● TASK STATEMENT
For every line in the records below that holds "want", make a copy.

● DATA PROVIDED
------------------------------

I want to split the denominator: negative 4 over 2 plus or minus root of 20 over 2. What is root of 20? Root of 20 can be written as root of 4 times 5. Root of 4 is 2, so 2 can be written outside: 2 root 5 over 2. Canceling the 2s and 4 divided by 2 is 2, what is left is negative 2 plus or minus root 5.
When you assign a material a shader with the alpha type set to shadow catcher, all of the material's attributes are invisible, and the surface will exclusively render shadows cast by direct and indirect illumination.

------------------------------

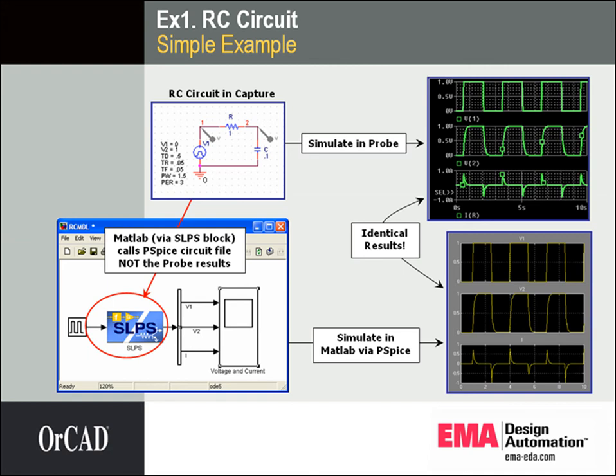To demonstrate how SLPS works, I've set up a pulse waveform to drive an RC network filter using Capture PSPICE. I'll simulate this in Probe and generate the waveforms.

------------------------------

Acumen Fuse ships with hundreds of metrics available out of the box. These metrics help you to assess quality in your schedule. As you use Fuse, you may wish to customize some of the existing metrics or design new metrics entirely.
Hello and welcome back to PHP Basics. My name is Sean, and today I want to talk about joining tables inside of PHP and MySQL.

------------------------------

● SOLUTION FOR THIS PROBLEM
I want to split the denominator: negative 4 over 2 plus or minus root of 20 over 2. What is root of 20? Root of 20 can be written as root of 4 times 5. Root of 4 is 2, so 2 can be written outside: 2 root 5 over 2. Canceling the 2s and 4 divided by 2 is 2, what is left is negative 2 plus or minus root 5.
Hello and welcome back to PHP Basics. My name is Sean, and today I want to talk about joining tables inside of PHP and MySQL.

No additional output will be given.